Would it be possible to output exactly, and only, the lines below from the one holding "logo hr executive v2" to the last line, both included, with every picture left out?

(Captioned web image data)
↓
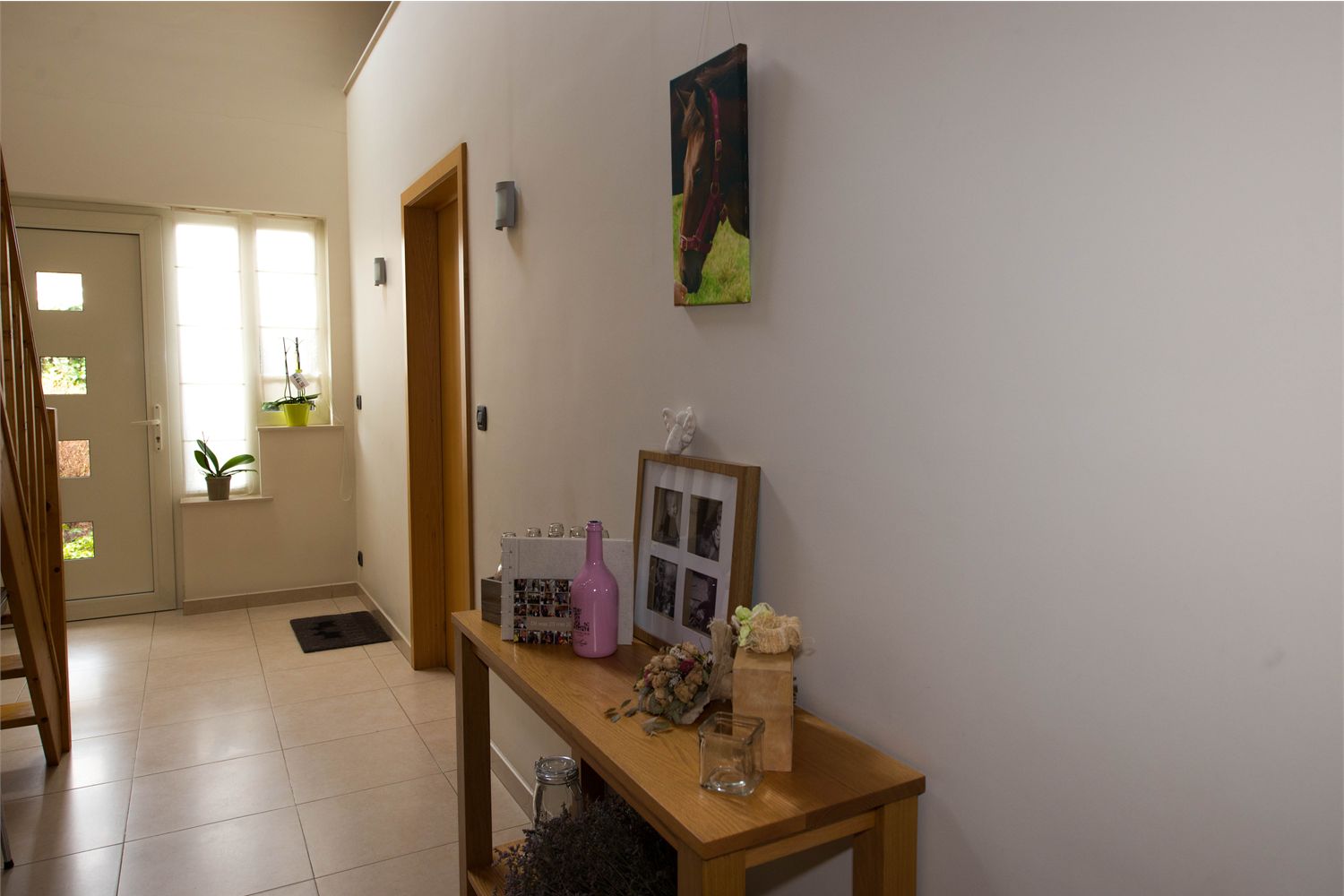 Villa verkocht in Lochristi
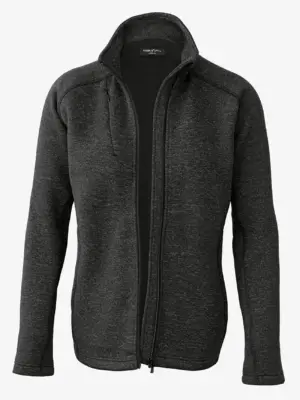 Nimbus Montana Women
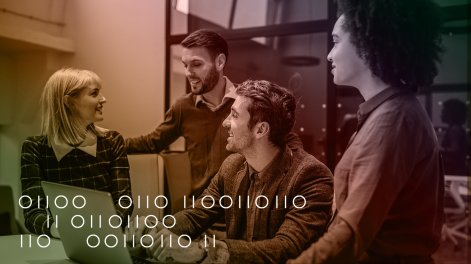18-OCB-role-behaviours-and-extra 18-OCB-role-behaviours-and-extra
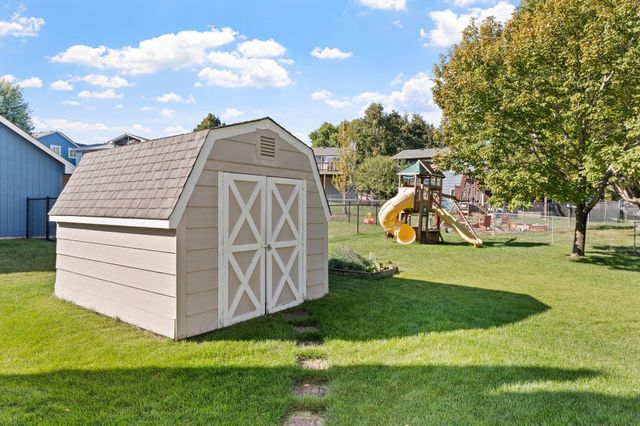 9545 Hillside Drive, Champlin, MN 55316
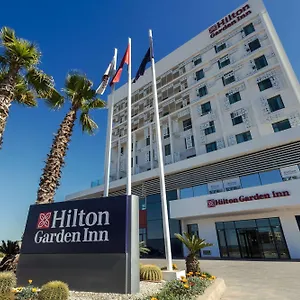 Hilton Garden Sud Casablanca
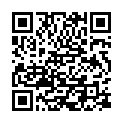 [160330] THE IDOLM@STER CINDERELLA GIRLS ANIMATION PROJECT ORIGINAL SOUNDTRACK [WAV+CUE+LOG+BK+BDMV]的二维码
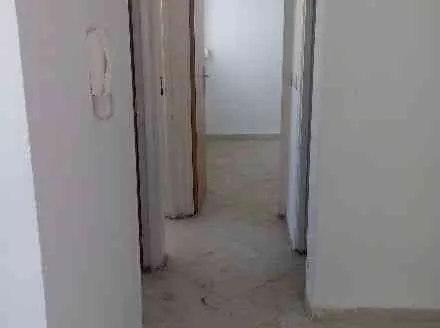 Appartement de 60 m2 a alliances darna - القنيطرة (2)
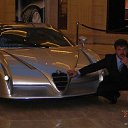 ���� ����, �����������, 61 ��� - ��������� 25 ���� 2013 � ������ ���� ����������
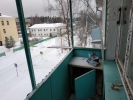 Продажа, Двухкомнатная квартира, Белый Городок (г.п. Белый Городок), ул.Заводская, д.5 по цене 800 000 руб - фото 1 - фото 2 - фото 3 - фото 4 - фото 5 - фото 6 - фото 7 - фото 8 - фото 9 - фото 10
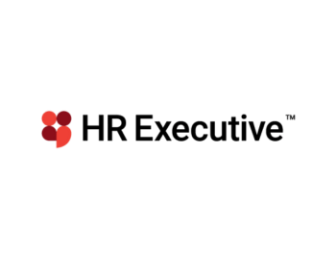 logo hr executive v2
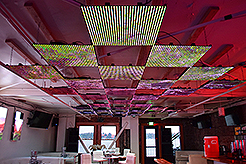 UNDERGROUND FRIDAYS - KORO LOVA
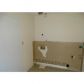 998 Leeward Lane, Jonesboro, GA 30238 ID:6738545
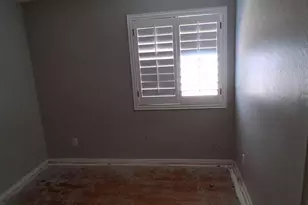 3207 W St Kateri Dr, Phoenix, AZ 85041 - Photo 32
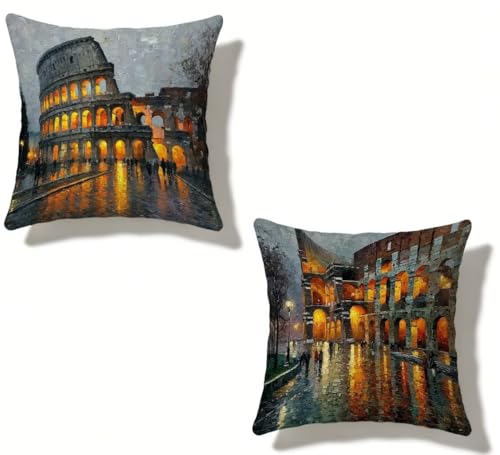 �N�b�V�����J�o�[ 40x40 cm 2���Z�b�g ���n �������J�o�[ 40 x 40 �h�� ���� ���O �N�b�V���� ���[�} �l�C ���O Cushion Cover �l�p HD���ʈ�� ���_�� �B���t�@�X�i�[�t���C ������ �p���� �_�� �� �l�G�ʗp �t�G��?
↑
**Solution to this task:**
 logo hr executive v2
 UNDERGROUND FRIDAYS - KORO LOVA
 998 Leeward Lane, Jonesboro, GA 30238 ID:6738545
 3207 W St Kateri Dr, Phoenix, AZ 85041 - Photo 32
 �N�b�V�����J�o�[ 40x40 cm 2���Z�b�g ���n �������J�o�[ 40 x 40 �h�� ���� ���O �N�b�V���� ���[�} �l�C ���O Cushion Cover �l�p HD���ʈ�� ���_�� �B���t�@�X�i�[�t���C ������ �p���� �_�� �� �l�G�ʗp �t�G��?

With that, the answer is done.